Crawled caption data:
□ □ □ □ □

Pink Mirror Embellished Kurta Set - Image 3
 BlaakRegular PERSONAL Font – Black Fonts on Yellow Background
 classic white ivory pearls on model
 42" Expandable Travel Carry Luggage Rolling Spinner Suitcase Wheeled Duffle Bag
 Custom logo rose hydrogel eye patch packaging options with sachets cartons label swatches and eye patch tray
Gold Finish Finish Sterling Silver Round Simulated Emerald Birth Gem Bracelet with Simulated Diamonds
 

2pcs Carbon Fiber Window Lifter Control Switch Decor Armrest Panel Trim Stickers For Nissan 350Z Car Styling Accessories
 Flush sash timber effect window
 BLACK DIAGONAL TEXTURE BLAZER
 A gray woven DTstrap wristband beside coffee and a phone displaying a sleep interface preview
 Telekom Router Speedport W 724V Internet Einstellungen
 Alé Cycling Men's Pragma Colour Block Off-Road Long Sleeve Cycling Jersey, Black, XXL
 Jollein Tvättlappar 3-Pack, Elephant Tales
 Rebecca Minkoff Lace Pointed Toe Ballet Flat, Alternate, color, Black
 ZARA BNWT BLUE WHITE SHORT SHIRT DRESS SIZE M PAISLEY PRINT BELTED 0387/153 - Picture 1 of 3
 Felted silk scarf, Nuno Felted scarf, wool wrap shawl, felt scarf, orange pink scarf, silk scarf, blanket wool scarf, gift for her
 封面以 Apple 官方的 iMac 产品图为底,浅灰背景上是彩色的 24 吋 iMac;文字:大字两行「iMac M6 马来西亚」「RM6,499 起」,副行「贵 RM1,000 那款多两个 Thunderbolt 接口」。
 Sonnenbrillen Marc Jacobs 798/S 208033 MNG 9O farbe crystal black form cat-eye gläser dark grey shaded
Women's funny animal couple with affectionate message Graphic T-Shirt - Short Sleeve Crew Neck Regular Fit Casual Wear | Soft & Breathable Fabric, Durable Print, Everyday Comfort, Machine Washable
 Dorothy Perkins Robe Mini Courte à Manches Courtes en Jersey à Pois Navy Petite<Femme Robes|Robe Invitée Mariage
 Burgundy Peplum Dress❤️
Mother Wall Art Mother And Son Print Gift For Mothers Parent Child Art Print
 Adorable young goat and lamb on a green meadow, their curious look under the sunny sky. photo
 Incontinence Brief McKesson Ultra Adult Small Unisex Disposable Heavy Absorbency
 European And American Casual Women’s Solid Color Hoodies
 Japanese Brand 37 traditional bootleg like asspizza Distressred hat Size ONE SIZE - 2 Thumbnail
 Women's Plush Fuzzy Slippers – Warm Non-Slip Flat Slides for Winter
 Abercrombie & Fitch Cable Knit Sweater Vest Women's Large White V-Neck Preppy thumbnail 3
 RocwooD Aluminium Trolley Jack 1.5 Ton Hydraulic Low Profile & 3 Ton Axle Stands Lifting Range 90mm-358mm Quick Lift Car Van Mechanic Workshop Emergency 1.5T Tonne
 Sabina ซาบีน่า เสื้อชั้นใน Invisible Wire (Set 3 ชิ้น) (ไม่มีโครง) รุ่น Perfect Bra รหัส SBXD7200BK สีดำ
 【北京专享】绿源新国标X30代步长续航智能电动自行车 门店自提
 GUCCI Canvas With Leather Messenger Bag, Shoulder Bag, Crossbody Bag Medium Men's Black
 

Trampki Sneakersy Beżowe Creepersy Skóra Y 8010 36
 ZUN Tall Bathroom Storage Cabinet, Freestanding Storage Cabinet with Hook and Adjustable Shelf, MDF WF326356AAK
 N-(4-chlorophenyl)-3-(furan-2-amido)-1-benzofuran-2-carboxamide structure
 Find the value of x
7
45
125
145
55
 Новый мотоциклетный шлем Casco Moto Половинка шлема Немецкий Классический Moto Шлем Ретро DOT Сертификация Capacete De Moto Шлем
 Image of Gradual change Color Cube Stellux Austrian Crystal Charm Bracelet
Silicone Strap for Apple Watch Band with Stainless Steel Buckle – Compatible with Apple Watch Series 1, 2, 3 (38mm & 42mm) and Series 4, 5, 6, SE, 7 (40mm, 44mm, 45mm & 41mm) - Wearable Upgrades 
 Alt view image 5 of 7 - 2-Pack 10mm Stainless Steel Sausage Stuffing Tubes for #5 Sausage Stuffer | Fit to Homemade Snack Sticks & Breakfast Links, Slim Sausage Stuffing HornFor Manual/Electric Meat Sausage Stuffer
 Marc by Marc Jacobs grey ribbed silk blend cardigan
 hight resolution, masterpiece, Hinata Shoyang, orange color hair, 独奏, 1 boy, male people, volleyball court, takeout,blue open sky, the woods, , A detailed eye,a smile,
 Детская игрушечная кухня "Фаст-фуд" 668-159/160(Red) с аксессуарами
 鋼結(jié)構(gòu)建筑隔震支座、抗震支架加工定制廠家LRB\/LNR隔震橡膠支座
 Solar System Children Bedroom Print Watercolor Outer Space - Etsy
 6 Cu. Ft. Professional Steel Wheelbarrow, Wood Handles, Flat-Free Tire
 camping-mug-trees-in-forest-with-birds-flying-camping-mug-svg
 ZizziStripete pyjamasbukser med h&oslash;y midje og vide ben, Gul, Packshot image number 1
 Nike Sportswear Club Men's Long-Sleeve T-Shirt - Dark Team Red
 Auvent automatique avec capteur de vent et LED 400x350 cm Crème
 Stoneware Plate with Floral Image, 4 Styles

□ □ □ □ □

WORK TO COMPLETE =
Every entry should be reproduced word for word.

EXERCISE ANSWER =
Pink Mirror Embellished Kurta Set - Image 3
 BlaakRegular PERSONAL Font – Black Fonts on Yellow Background
 classic white ivory pearls on model
 42" Expandable Travel Carry Luggage Rolling Spinner Suitcase Wheeled Duffle Bag
 Custom logo rose hydrogel eye patch packaging options with sachets cartons label swatches and eye patch tray
Gold Finish Finish Sterling Silver Round Simulated Emerald Birth Gem Bracelet with Simulated Diamonds
 

2pcs Carbon Fiber Window Lifter Control Switch Decor Armrest Panel Trim Stickers For Nissan 350Z Car Styling Accessories
 Flush sash timber effect window
 BLACK DIAGONAL TEXTURE BLAZER
 A gray woven DTstrap wristband beside coffee and a phone displaying a sleep interface preview
 Telekom Router Speedport W 724V Internet Einstellungen
 Alé Cycling Men's Pragma Colour Block Off-Road Long Sleeve Cycling Jersey, Black, XXL
 Jollein Tvättlappar 3-Pack, Elephant Tales
 Rebecca Minkoff Lace Pointed Toe Ballet Flat, Alternate, color, Black
 ZARA BNWT BLUE WHITE SHORT SHIRT DRESS SIZE M PAISLEY PRINT BELTED 0387/153 - Picture 1 of 3
 Felted silk scarf, Nuno Felted scarf, wool wrap shawl, felt scarf, orange pink scarf, silk scarf, blanket wool scarf, gift for her
 封面以 Apple 官方的 iMac 产品图为底,浅灰背景上是彩色的 24 吋 iMac;文字:大字两行「iMac M6 马来西亚」「RM6,499 起」,副行「贵 RM1,000 那款多两个 Thunderbolt 接口」。
 Sonnenbrillen Marc Jacobs 798/S 208033 MNG 9O farbe crystal black form cat-eye gläser dark grey shaded
Women's funny animal couple with affectionate message Graphic T-Shirt - Short Sleeve Crew Neck Regular Fit Casual Wear | Soft & Breathable Fabric, Durable Print, Everyday Comfort, Machine Washable
 Dorothy Perkins Robe Mini Courte à Manches Courtes en Jersey à Pois Navy Petite<Femme Robes|Robe Invitée Mariage
 Burgundy Peplum Dress❤️
Mother Wall Art Mother And Son Print Gift For Mothers Parent Child Art Print
 Adorable young goat and lamb on a green meadow, their curious look under the sunny sky. photo
 Incontinence Brief McKesson Ultra Adult Small Unisex Disposable Heavy Absorbency
 European And American Casual Women’s Solid Color Hoodies
 Japanese Brand 37 traditional bootleg like asspizza Distressred hat Size ONE SIZE - 2 Thumbnail
 Women's Plush Fuzzy Slippers – Warm Non-Slip Flat Slides for Winter
 Abercrombie & Fitch Cable Knit Sweater Vest Women's Large White V-Neck Preppy thumbnail 3
 RocwooD Aluminium Trolley Jack 1.5 Ton Hydraulic Low Profile & 3 Ton Axle Stands Lifting Range 90mm-358mm Quick Lift Car Van Mechanic Workshop Emergency 1.5T Tonne
 Sabina ซาบีน่า เสื้อชั้นใน Invisible Wire (Set 3 ชิ้น) (ไม่มีโครง) รุ่น Perfect Bra รหัส SBXD7200BK สีดำ
 【北京专享】绿源新国标X30代步长续航智能电动自行车 门店自提
 GUCCI Canvas With Leather Messenger Bag, Shoulder Bag, Crossbody Bag Medium Men's Black
 

Trampki Sneakersy Beżowe Creepersy Skóra Y 8010 36
 ZUN Tall Bathroom Storage Cabinet, Freestanding Storage Cabinet with Hook and Adjustable Shelf, MDF WF326356AAK
 N-(4-chlorophenyl)-3-(furan-2-amido)-1-benzofuran-2-carboxamide structure
 Find the value of x
7
45
125
145
55
 Новый мотоциклетный шлем Casco Moto Половинка шлема Немецкий Классический Moto Шлем Ретро DOT Сертификация Capacete De Moto Шлем
 Image of Gradual change Color Cube Stellux Austrian Crystal Charm Bracelet
Silicone Strap for Apple Watch Band with Stainless Steel Buckle – Compatible with Apple Watch Series 1, 2, 3 (38mm & 42mm) and Series 4, 5, 6, SE, 7 (40mm, 44mm, 45mm & 41mm) - Wearable Upgrades 
 Alt view image 5 of 7 - 2-Pack 10mm Stainless Steel Sausage Stuffing Tubes for #5 Sausage Stuffer | Fit to Homemade Snack Sticks & Breakfast Links, Slim Sausage Stuffing HornFor Manual/Electric Meat Sausage Stuffer
 Marc by Marc Jacobs grey ribbed silk blend cardigan
 hight resolution, masterpiece, Hinata Shoyang, orange color hair, 独奏, 1 boy, male people, volleyball court, takeout,blue open sky, the woods, , A detailed eye,a smile,
 Детская игрушечная кухня "Фаст-фуд" 668-159/160(Red) с аксессуарами
 鋼結(jié)構(gòu)建筑隔震支座、抗震支架加工定制廠家LRB\/LNR隔震橡膠支座
 Solar System Children Bedroom Print Watercolor Outer Space - Etsy
 6 Cu. Ft. Professional Steel Wheelbarrow, Wood Handles, Flat-Free Tire
 camping-mug-trees-in-forest-with-birds-flying-camping-mug-svg
 ZizziStripete pyjamasbukser med h&oslash;y midje og vide ben, Gul, Packshot image number 1
 Nike Sportswear Club Men's Long-Sleeve T-Shirt - Dark Team Red
 Auvent automatique avec capteur de vent et LED 400x350 cm Crème
 Stoneware Plate with Floral Image, 4 Styles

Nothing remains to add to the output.